By identifying risks within code that developers can easily overlook, Software Composition Analysis (SCA) tools play a vital role in helping to manage both security risks and open-source licensing risks. This article explains how SCA tools work and offers tips on what to look for when comparing SCA options.
What is Software Composition Analysis?
Software Composition Analysis is the use of automated tools to identify open source components within an application’s code base. SCA tools scan software, determine which dependencies and other contents exist within it, then identify the original sources of those components. In this way, SCA tools determine which parts of a codebase have been obtained from third-party sources.
Why is SCA important?
Software Composition Analysis is important for two main reasons.
First, it helps organizations avoid security risks associated with the reuse of open source code that may contain known vulnerabilities. SCA tools can detect insecure modules or dependencies used within an application. They may also be able to identify instances where developers copy insecure code into an application.
Second, SCA helps developers ensure that they are complying with software licenses that govern source code they reuse. There are more than 80 open source licenses in existence, each with different rules and terms regarding how source code may be reused. With SCA tools, developers can automatically determine which licenses apply to their code and address any licensing compliance violations.
Both of these tasks — identifying insecure source code and identifying licensing issues — are especially important today, given the widespread reuse of open source code within applications. GitHub alone hosts more than 128 million public repositories, which contain code that anyone can easily copy-and-paste into an application. However, just because developers can borrow code doesn’t always mean that it’s secure to do so. Nor does it mean that the license associated with the code gives them the right to reuse the code in the way they plan to. By tracing source code back to its origin, SCA tools address both of these issues.
SCA tools are also particularly important today because of the prevalence of supply chain security risks. Supply chain security risks arise when an organization imports insecure third-party software into its own applications. SCA tools allow developers to scan their applications automatically and identify instances where they may have inadvertently imported insecure code from an external source.
Which risks can SCA tools detect?
SCA tools can identify a variety of risks in open source software. Among the most common, as noted above, are modules or dependencies that are subject to known security vulnerabilities. SCA tools may also be able to detect malware that is embedded within source code, which could arise in situations where attackers gain access to an organization’s CI/CD tools and use them to inject malicious code into applications.
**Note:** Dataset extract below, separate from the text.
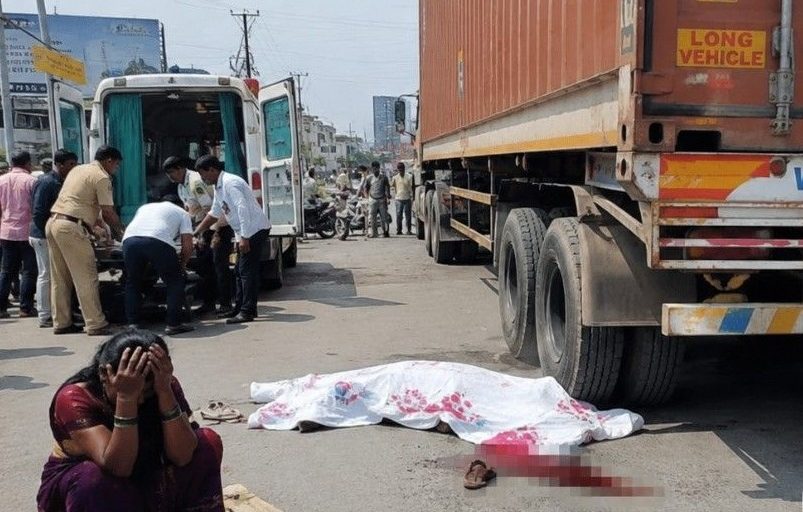रस्त्यावर पडताच अंगावरून गेले कंटेनरचे चाक; मदतीसाठी नागरिक धावले..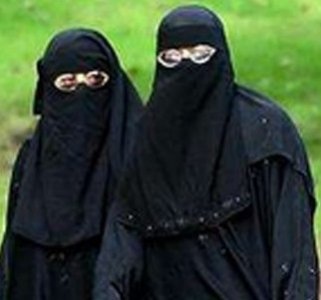 BURQA-1.jpg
In addition, as we’ve noted, SCA tools can identify potential software licensing violations. They may not be able to tell developers whether they’re complying with a given software license, but they can alert developers to open source licenses that apply to the applications developers manage. In turn, developers or open-source software compliance managers can research the licenses to ensure that they are using the code properly.
It’s important to note that SCA can’t identify every type of security or licensing risk. In general, SCA tools are only capable of detecting risks associated with open source code. If developers import proprietary third-party code into an application, the code is not likely to be part of the databases that SCA tools use to trace the origins of source code. Therefore, the tools won’t be able to identify the code.
Tips on choosing an SCA tool
As open source software has become widespread across codebases, the number of SCA tools on the market has grown rapidly. But not all SCA tools offer the same capabilities and areas of coverage. When selecting SCA tools, be sure to evaluate the following areas of functionality:
- Language support: When possible, choose an SCA tool that can support any type of programming language or framework, instead of those that only work with specific languages.
- Support for binary and source code scanning: While some SCA tools can only work with source code, the best SCA tools are capable of scanning both source code and application binaries in order to identify risky components. The ability to scan binaries gives teams visibility into closed-source software packages (such as applications obtained from third-party vendors), whose source code is not typically available.
- Automated codebase scanning: Instead of SCA tools that have to be executed manually, or that analyze codebases file-by-file, look for tools that can scan an entire codebase automatically and continuously. That way, you can automatically scan code as it is integrated into your codebase, even when working with complex applications with sprawling sets of source code files.
- CI/CD integration: SCA tools that support CI/CD integration can streamline the SCA process by scanning code from directly within Continuous Integration (CI) servers or artifact repositories. In this way, CI/CD integration helps developers detect issues as early as possible within the development lifecycle.